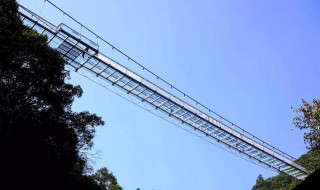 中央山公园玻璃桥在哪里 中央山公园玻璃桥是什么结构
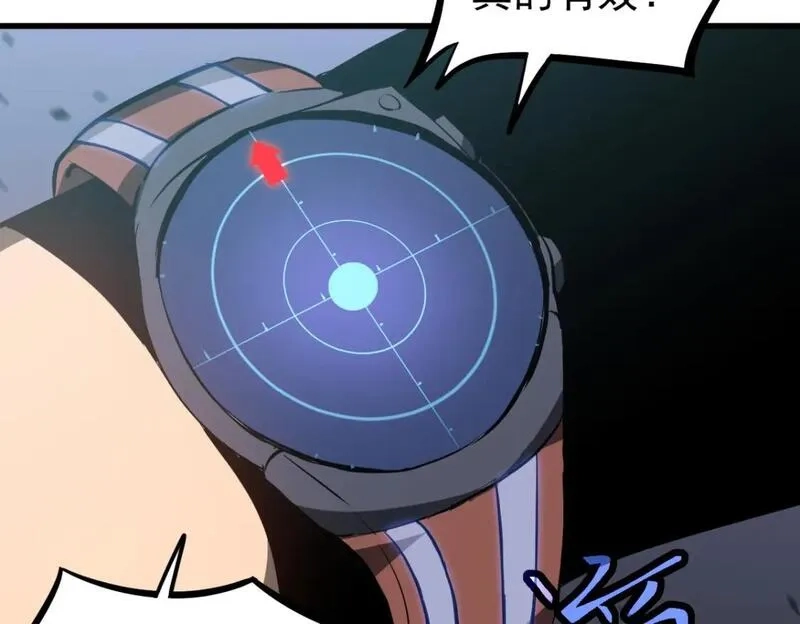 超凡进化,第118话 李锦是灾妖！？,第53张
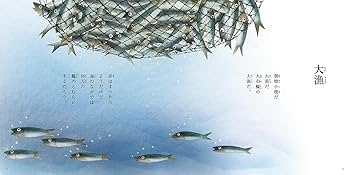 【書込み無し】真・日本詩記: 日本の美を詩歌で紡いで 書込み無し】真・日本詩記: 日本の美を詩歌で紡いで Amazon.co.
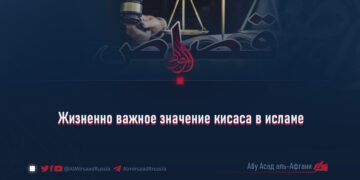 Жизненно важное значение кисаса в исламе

★ ★ ★

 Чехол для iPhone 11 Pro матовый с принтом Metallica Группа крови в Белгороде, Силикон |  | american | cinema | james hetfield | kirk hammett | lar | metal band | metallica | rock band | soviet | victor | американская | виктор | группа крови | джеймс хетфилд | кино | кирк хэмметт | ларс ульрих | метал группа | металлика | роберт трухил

★ ★ ★

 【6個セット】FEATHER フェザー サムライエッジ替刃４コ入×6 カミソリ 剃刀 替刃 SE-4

★ ★ ★

- _WHAT IS BEING ASKED_: Reproduce word for word, with pictures dropped, only the part of the material above that opens with the line containing "中央山公园玻璃桥在哪里 中央山公园玻璃桥是什么结构" and closes with the line containing "Жизненно важное значение кисаса в исламе".

- _ANSWER TO THE EXERCISE_:
 中央山公园玻璃桥在哪里 中央山公园玻璃桥是什么结构
 超凡进化,第118话 李锦是灾妖！？,第53张
 【書込み無し】真・日本詩記: 日本の美を詩歌で紡いで 書込み無し】真・日本詩記: 日本の美を詩歌で紡いで Amazon.co.
 Жизненно важное значение кисаса в исламе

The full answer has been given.